Payment posting professionals play the role of an accounting team and also are responsible for the integrity of the statement that goes to the patient. The importance of payment posting should not be downplayed; if done incorrectly, the rest of the revenue cycle will experience issues.
The payment posting department needs to have an understanding of the contracts or have a contract management system in place to highlight whether cases are being paid properly and to flag A/R to follow up on denials.
It is important to note that while a payment may match contracted rates, incorrect posting will compromise the integrity of financial reporting. All payments should be properly allocated to each individual procedure to ensure the data associated with that procedure and payor within the practice management system is accurate.
When auditing payment posting practices, it is important to ask the following questions:
The effectiveness of the A/R team plays a large role in determining the financial success of a surgery center.

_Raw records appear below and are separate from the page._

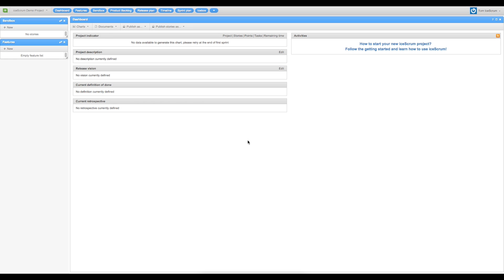As you created your project, the first page you see is the dashboard view. You can see no charts for the moment, that's normal as you are starting your project.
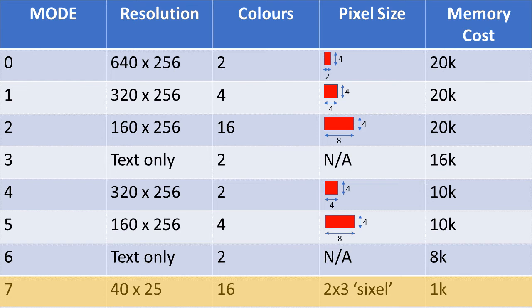Well, for starters, the graphics are somewhat constrained, as they cannot be drawn using the conventional BBC Basic plot and draw commands. Furthermore, in mode 7, you can't use the VDU23 command to produce 8x8 user-defined characters.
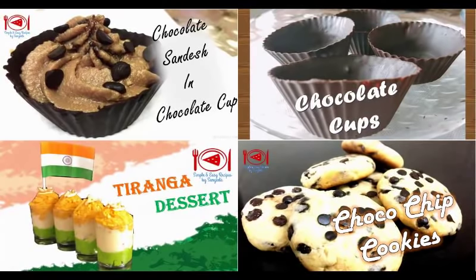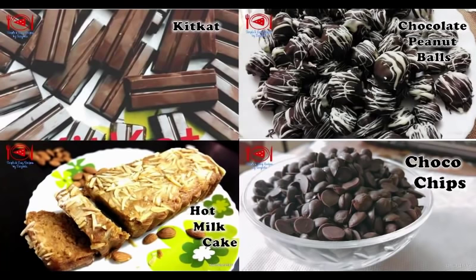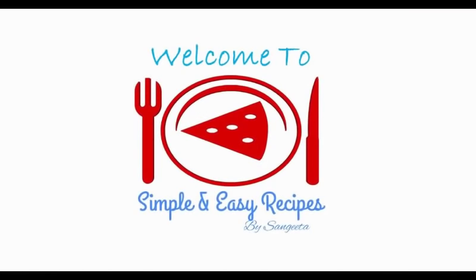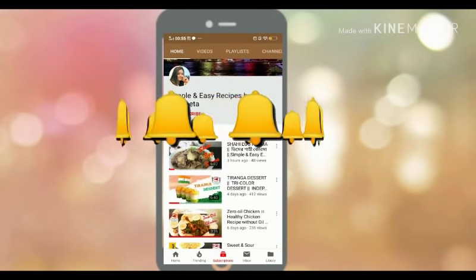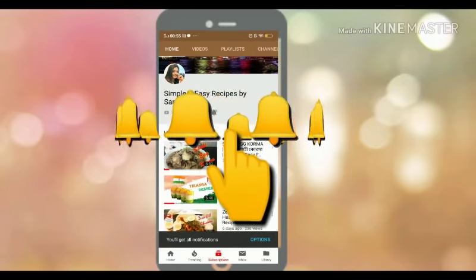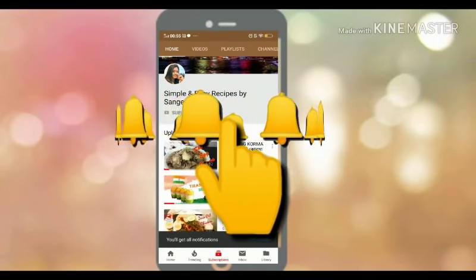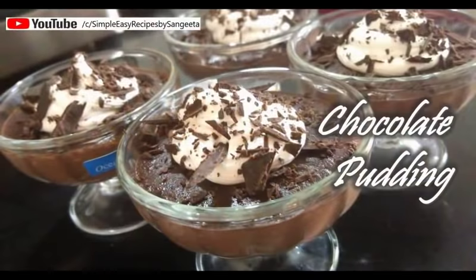Welcome back to my channel. I am Sangeeta and you are watching Simple and Easy Recipes by Sangeeta. If you have not yet subscribed to my channel, then I request you to please subscribe and also press the bell icon to get notifications for my further videos.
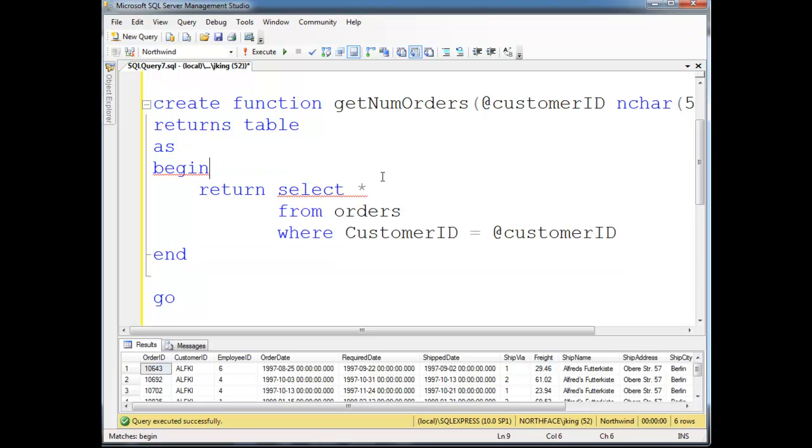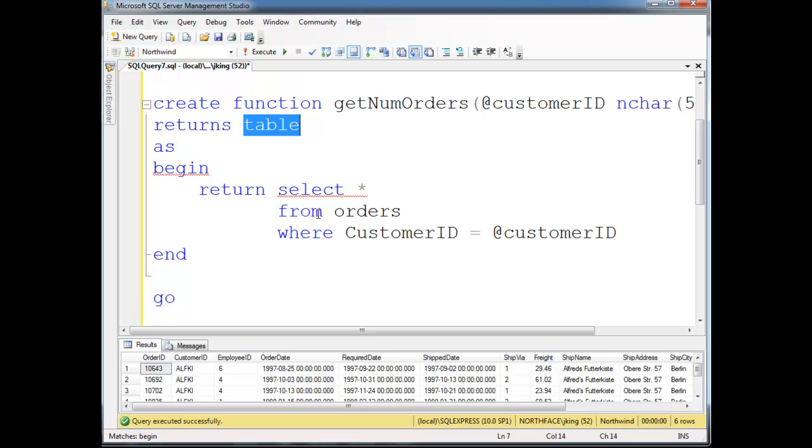But basically, first of all, I can't say returns table anymore. I have to be more explicit about the schema of the table, which is, if you remember, the schema of the table is the name of the table for one, but the columns, the order of the columns, the names of the columns, and the data types of the columns. All those things make up the schema, which is basically a very technical, kind of scary word that just means order columns, number of columns, data types of columns, the name of the columns, that's it.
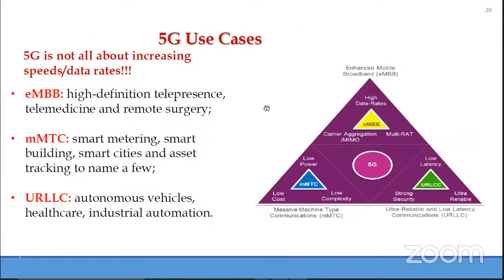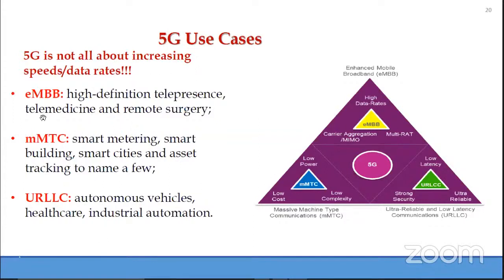Coming to 5G use cases: 5G is not all about increasing speeds or data rates. The three typical categories are: enhanced mobile broadband (eMBB), characterized by very high data rates, with typical applications including high-definition telepresence, telemedicine, and remote surgery.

An analysis of a facility’s follow-up processes helps with ensuring billing issues are addressed in a timely manner. An in-depth review should determine whether there was follow-up and, if so, whether it was consistent and followed through to resolution.
A well trained A/R manager should also be able to identify trends or payor issues on a global level, rather than working claims individually. The efficiency of the A/R manager is important to ensure all denials are resolved in a timely manner to avoid delayed cash flow or the possibility of lost revenue.
The financial health of an in-network ASC is heavily dependent on its managed care contracts. Thus, it is critical for an ASC to really understand its contracts and how specific language relates to claim adjudication. Therefore, it is important to make sure you have complete copies on file and available to the entire billing staff. Contracts should be analyzed with an understanding of the volume, types and the costs of procedures performed in that particular ASC, which can provide a center with an edge when it comes time to potentially renegotiate its managed care contracts.
One common error that providers make while negotiating is that they often look only at individual CPT codes, rather than factoring in how reimbursement for the overall case will change when adjudicated by the payor. For example, if a single procedure reimburses 200 percent of the Medicare rate but multiple procedure discounting language only allows for 100 percent on the primary with no additional reimbursement for subsequent procedures, then the overall case reimbursement will quickly drop below the Medicare rate.
This is just one way that an ASC’s revenue cycle might not be living up to its potential. Conducting a wide-ranging audit on a consistent basis is an effective way to ensure your center’s revenue cycle is operating at full strength. Incorporating best practices and proactively correcting mistakes will lead to improved profitability and patient satisfaction.
In today’s increasingly competitive and rapidly changing healthcare landscape, every dollar counts.